Researching a Company Before Applying (Part 1)

When you come across a promising job posting, your first instinct is probably to settle in and start putting together your application materials. But wait — have you ever heard of this company before? And if you have, are you sure they're a company you'd be happy working for?

Before putting time and effort into a job application, it's worth taking some time to research the company or organization offering the position. Today we'll discuss finding existing information, and next week we'll look at seeking out additional information from real people.

There are a number of sites dedicated specifically to allowing employees to rate and review their workplaces. Two of the most established (and therefore with the most reviews to draw on) are Glassdoor.com and Careerbliss.com. Indeed.com, which I recommend for finding job postings, also offers some reviews of companies.

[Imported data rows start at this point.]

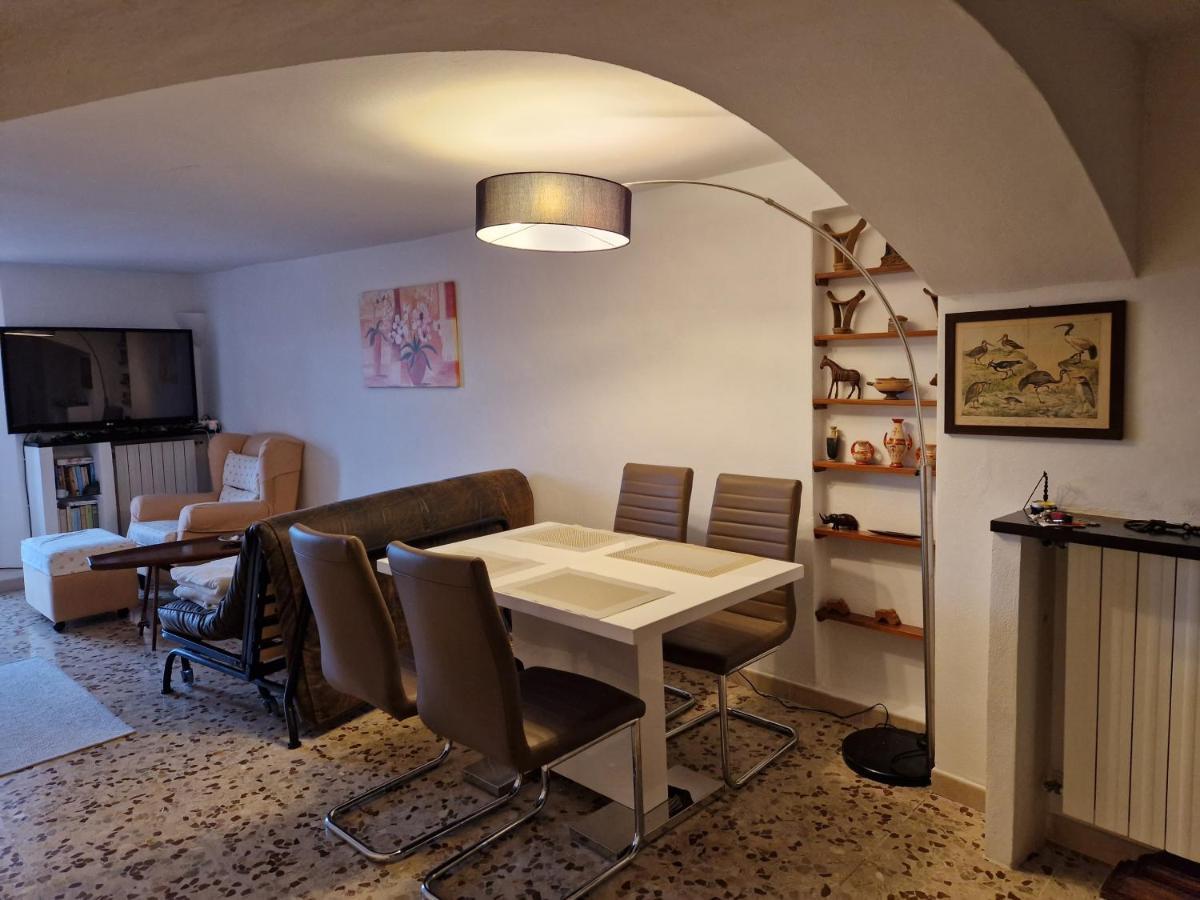 Ferienwohnung Casa Del Gufo Perinaldo Exterior foto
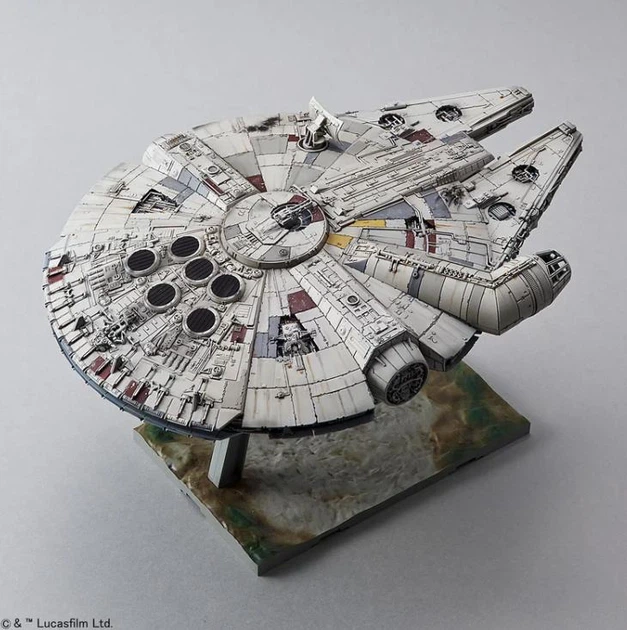 Збірна модель 1:144 космічний корабель Bandai Millennium Falcon Revel 01211 - зображення 4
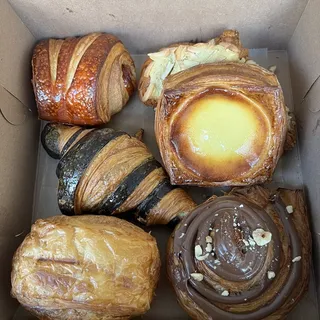 Black Sesame Almond Croissant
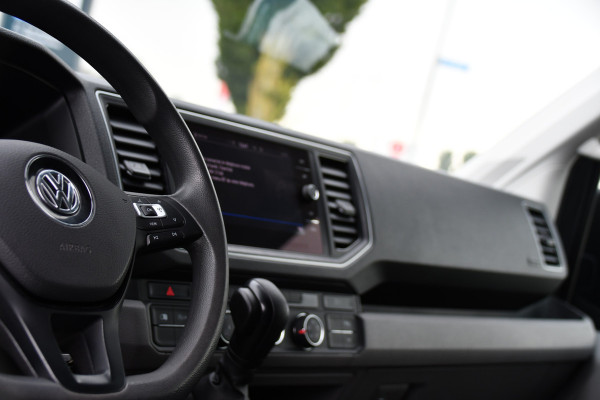 Volkswagen Crafter 35 2.0 TDI L3H3 Highline Cruise, Carplay, LED, Automaat, 177pk, Sensoren, Multimedia, Geveerde stoel, Uniek!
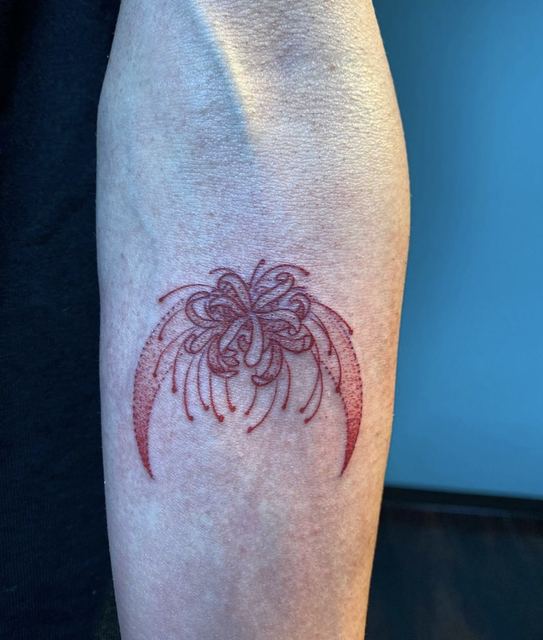 Spiderlily moon tattoo by Deadpigeon (color)
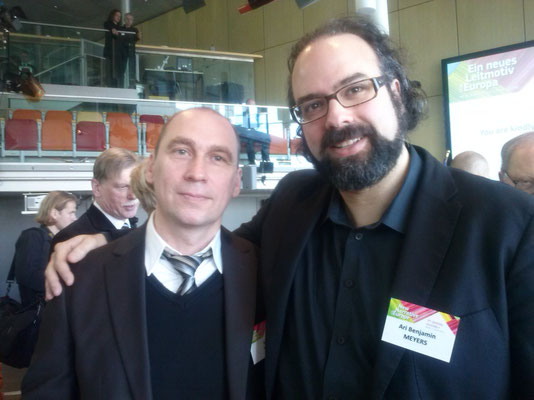 Mit Ari Benjamin Meyers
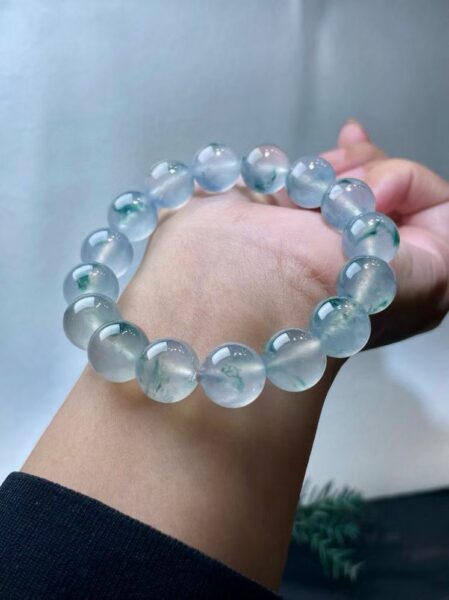 Tại Sao Phỉ Thuý Hoa Bay Lại Được Ưa Chuộng Đến Như Vậy?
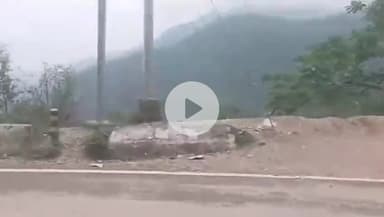 देहरादून: मसूरी-देहरादून रोड पर चलती कार में लगी आग, परिवार बाल-बाल बचा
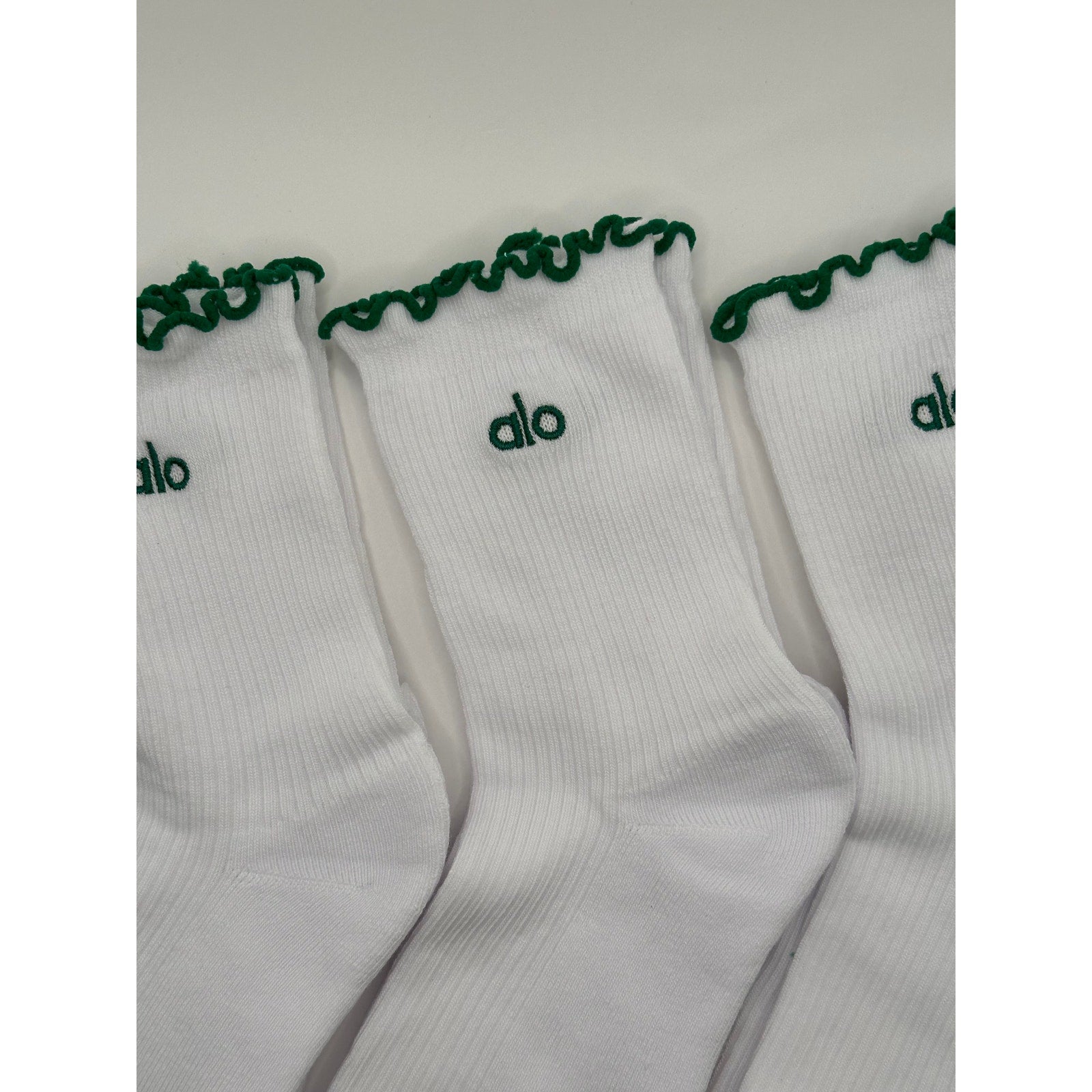 3 Pairs Alo Yoga Women's Lettuce Edge Sock M/L fits sizes 8 – 11 White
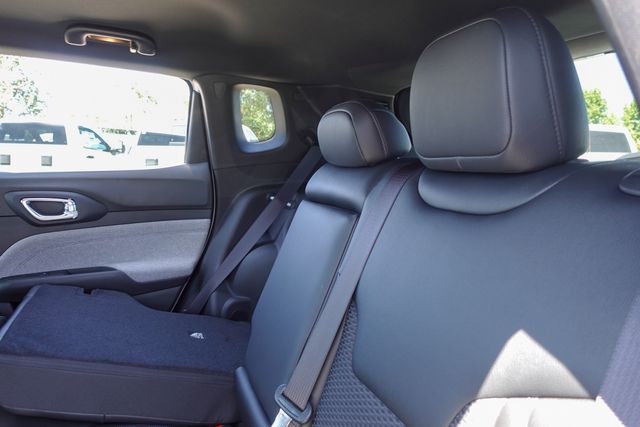 new 2025 Jeep Compass car, priced at $25,868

Approach these reviews with a critical eye. One review written by a single disgruntled employee may not be indicative of an entire company culture, though it may give you an idea of things to look further into or ask about in an interview. Also pay attention to the department and title of the person writing the review, if available, as culture and management can vary widely from one department to the next.

Be aware that some marketing or HR staff members may write reviews of their own company to try to boost their ratings. Look for reviews that offer honest pros and cons, and be skeptical about those that make an organization sound like heaven on earth.

Larger organizations are more likely to have reviews and ratings out there than smaller organizations, but don't worry — this isn't the only way to get information on a company. Type a company name into Google News or a similar site to find out if there's been any recent press about the company. Search the Internet for the name of the organization and the specific department you're applying to, and scroll down past the top results from the company website to see what else is out there. Searching for the company name + "I worked at" may also turn up one-off reviews from personal blogs and the like.

You don't have to spend all day on this, but it's worth taking a few minutes to see if there's anything out there you should be aware of before you put together an application. There's nothing worse than starting a new job, running into lots of problems, and then discovering that there are lots of online reviews that could have warned you before you even applied.